HW 6

Big Data Analytics
Team 3
Answered by: Aziz

Extra Exerciese

Given the following 10 grocery store transactions, use appropriate association rule thresholds to find a few interesting rules both by hand and by using R.

  1. beer, diapers
  2. soda, potato chips, hamburger meat, milk, eggs
  3. coffee, eggs
  4. beer, bread, cheese, ham
  5. diapers, beer, potato chips
  6. cheese, ham, beer
  7. ham, cheese, bread, coffee, milk
  8. soda, cheese, bread, ham
  9. coffee, hamburger meat
  10. eggs, diapers, beer
In [1]:
dataset = """
1. beer, diapers
2. soda, potato chips, hamburger meat, milk, eggs
3. coffee, eggs
4. beer, bread, cheese, ham
5. diapers, beer, potato chips
6. cheese, ham, beer
7. ham, cheese, bread, coffee, milk
8. soda, cheese, bread, ham
9. coffee, hamburger meat
10. eggs, diapers, beer
"""
In [2]:
from collections import Counter
import re
import pandas as pd
In [3]:
# prepare purchases table
tokens = lambda text: re.findall('[a-z]+', text.lower())

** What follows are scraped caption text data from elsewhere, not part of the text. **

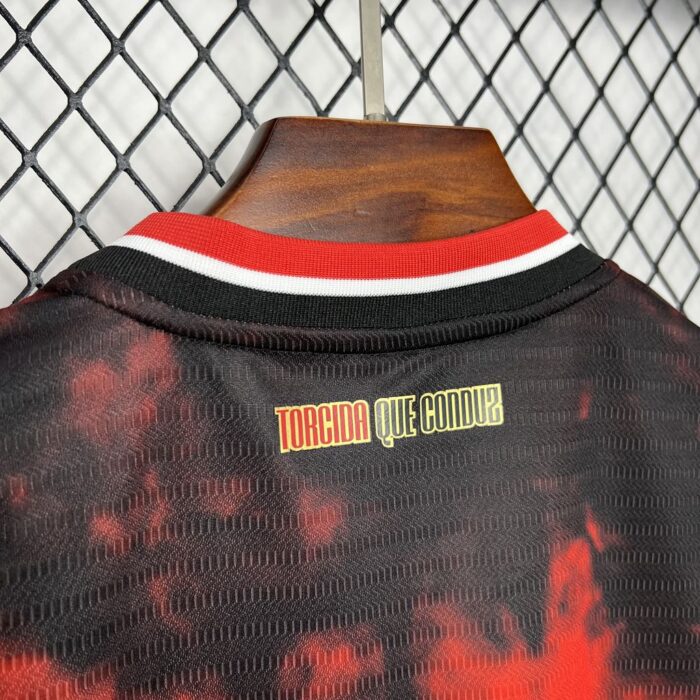 Mens Sao Paulo 2024/25 Third Jersey 2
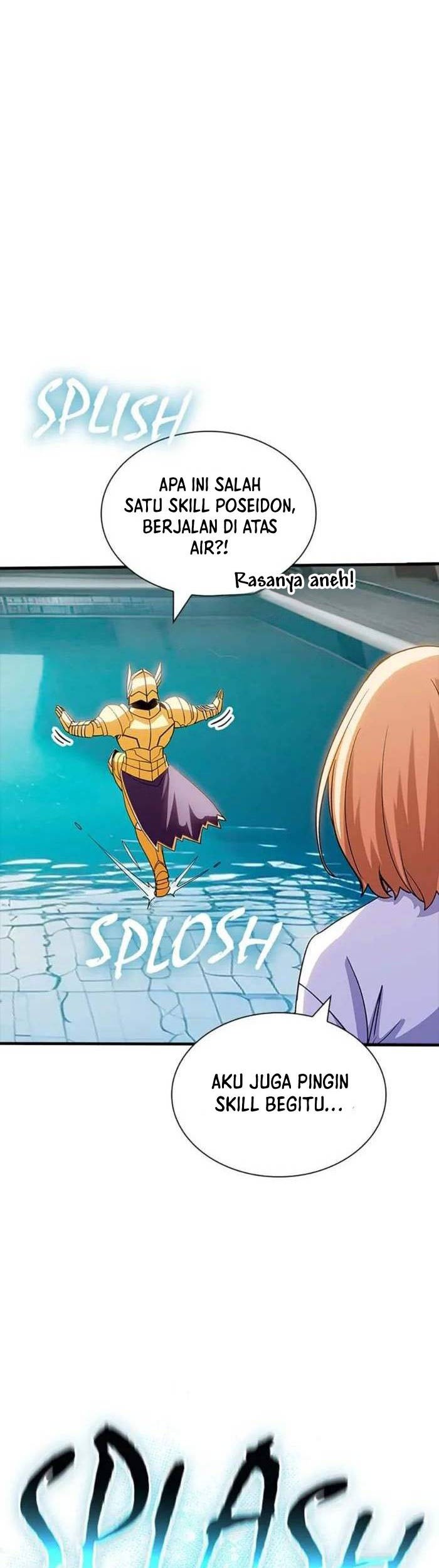 I have an SSS-rank Trait, but I want a Normal Life Chapter 115 Gambar 7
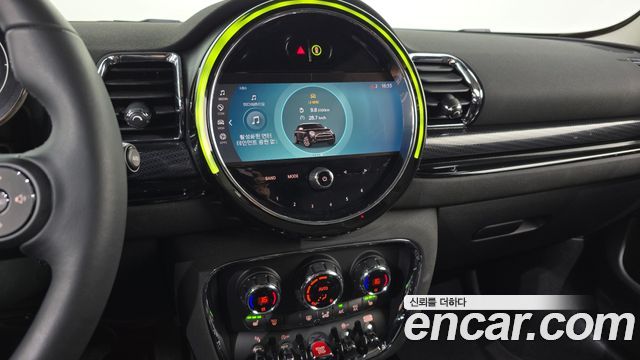 MINI Cooper Clubman Classic 2nd 2024 — фото 13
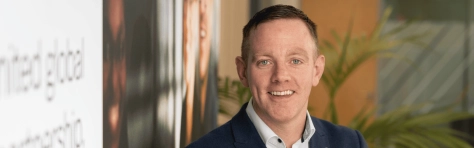 Robert Burke, Internal Audit Partner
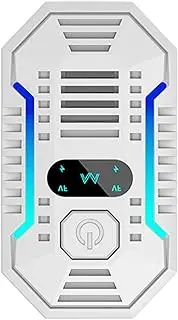 Bat Repeller Ultrasonic | Household Gnat-Resistant Device | Electronic Gnat-Resistant Device, Cockroach Mice Repeller for Home Attic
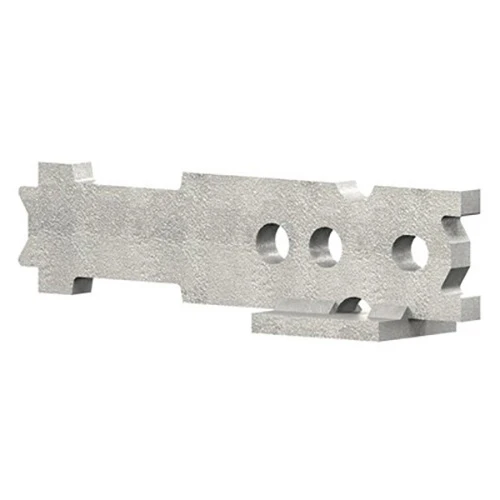 tech erection anchors with shear plate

trans_lists = [tokens(l) for l in dataset.split('\n') if l is not '']
trans_lists = [','.join(l) for l in trans_lists]
transactions = pd.DataFrame(trans_lists, columns=['purchase'])
transactions.to_csv('extra_exercise.csv', index=False, header=False)
transactions
Out[3]:
purchase
0 beer,diapers
1 soda,potato,chips,hamburger,meat,milk,eggs
2 coffee,eggs
3 beer,bread,cheese,ham
4 diapers,beer,potato,chips
5 cheese,ham,beer
6 ham,cheese,bread,coffee,milk
7 soda,cheese,bread,ham
8 coffee,hamburger,meat
9 eggs,diapers,beer
In [4]:
no_transactions = 10
In [5]:
support = lambda x, num: float(x) / num
In [6]:
# count items appearance in transactions
counter = dict(Counter(tokens(dataset)))
count = pd.DataFrame(counter.items(), columns=['item', 'no_count'])
count.to_csv('count.csv', index=False)
count
Out[6]:
item no_count
0 cheese 4
1 coffee 3
2 hamburger 2
3 ham 4
4 potato 2
5 eggs 3
6 diapers 3
7 beer 5
8 soda 2
9 bread 3
10 chips 2
11 milk 2
12 meat 2
In [7]:
# calculate the Support of each item
count['support'] = [support(n, no_transactions) for n in count.no_count]
count
Out[7]:
item no_count support
0 cheese 4 0.4
1 coffee 3 0.3
2 hamburger 2 0.2
3 ham 4 0.4
4 potato 2 0.2
5 eggs 3 0.3
6 diapers 3 0.3
7 beer 5 0.5
8 soda 2 0.2
9 bread 3 0.3
10 chips 2 0.2
11 milk 2 0.2
12 meat 2 0.2
With the mimimum support 0.3, we end up with the following itemset
In [8]:
min_support = 0.3
count[count.support >= min_support]
Out[8]:
item no_count support
0 cheese 4 0.4
1 coffee 3 0.3
3 ham 4 0.4
5 eggs 3 0.3
6 diapers 3 0.3
7 beer 5 0.5
9 bread 3 0.3